Remzi Gökdağ, bir zamanlar sağ
iktidarların en çekindiği gazetelerden biri olan Cumhuriyet gazetesinde 1989
yılında muhabirliğe başladı. Gazetede önemli haberlere imza attı. Meslekte yaşanan erezyondan ve değişen medya düzeninden sonra kendisini yurt dışına attı. Remzi önce Moskova’daki
gazeteci arkadaşı Suat Taşpınar’ın yanına gitti.
Gazetecilik artık Remzi’nin ruhuna
işlemişti.

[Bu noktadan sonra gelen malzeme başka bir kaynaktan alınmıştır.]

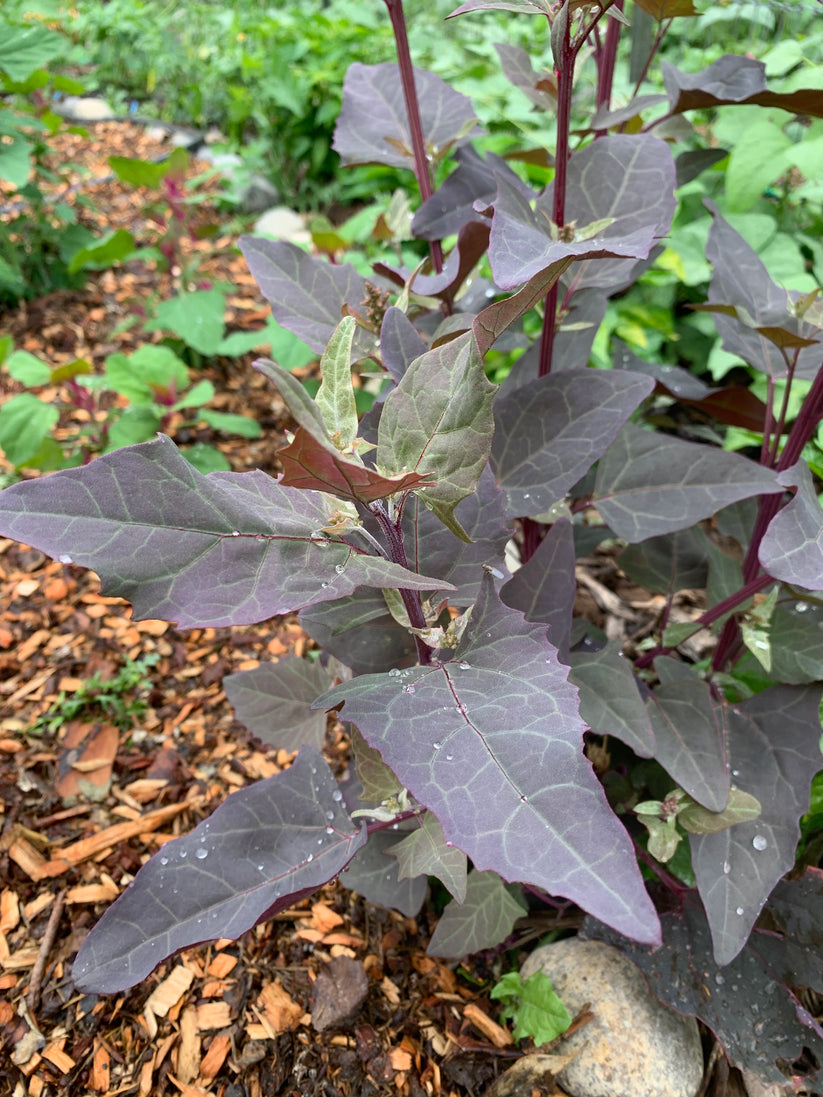 Orach, Purple (Atriplex hortensis) - Seed RS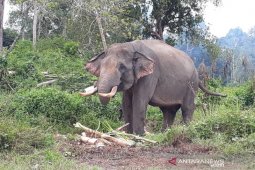 Rahman dan Indro  gajah jinak  penghalau gajah liar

Bir süre buradan Türkiye’ye haberler geçti. Sonra ver elini Amerika… Kristof Kolomb’un keşfettiği Amerika’da 9 yıl kaldı. İlk kitabı “Park Oteli
Olayı”ndan sonra Amerikan medya kuruluşlarının habere yaklaşımını inceleyen
“Amerikan Medyasında 11 Eylül” adlı ikinci
kitabını yayımladı. “Yol Arkadaşım” dediği Yelda ile burada tanışıp evlendi. Seyahati
seven iki kafadar, o ülke senin bu ülke benim birlikte dolaşmaya başladılar. Artık
Remzi de bir kâşif olmuştu… Amerika'dan sonra İsviçre'ye geçtiler. Burada da bir 5 yıl kaldılar; bütün Avrupa ülkelerini, şehirlerini gezdiler.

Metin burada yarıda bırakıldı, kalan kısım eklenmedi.